*** Begin section ***

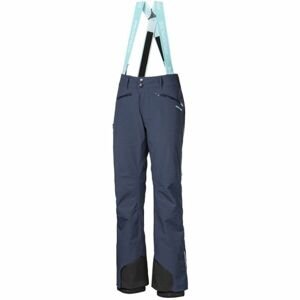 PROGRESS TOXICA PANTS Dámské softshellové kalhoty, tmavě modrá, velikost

*** End section ***
*** Begin section ***

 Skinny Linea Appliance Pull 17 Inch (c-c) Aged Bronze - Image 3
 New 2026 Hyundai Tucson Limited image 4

*** End section ***
*** Begin section ***

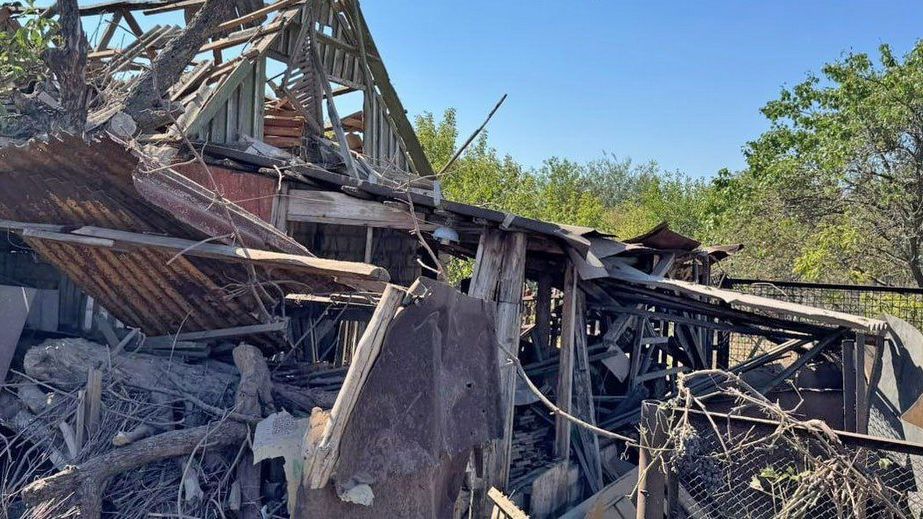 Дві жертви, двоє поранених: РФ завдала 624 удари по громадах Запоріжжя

*** End section ***

» Exercise description: Could you set down, exactly as written, the lines above between the one holding "Skinny Linea Appliance" and the one holding "New 2026 Hyundai Tucson Limited image 4", inclusive, and nothing more?

» Reply to the task:
 Skinny Linea Appliance Pull 17 Inch (c-c) Aged Bronze - Image 3
 New 2026 Hyundai Tucson Limited image 4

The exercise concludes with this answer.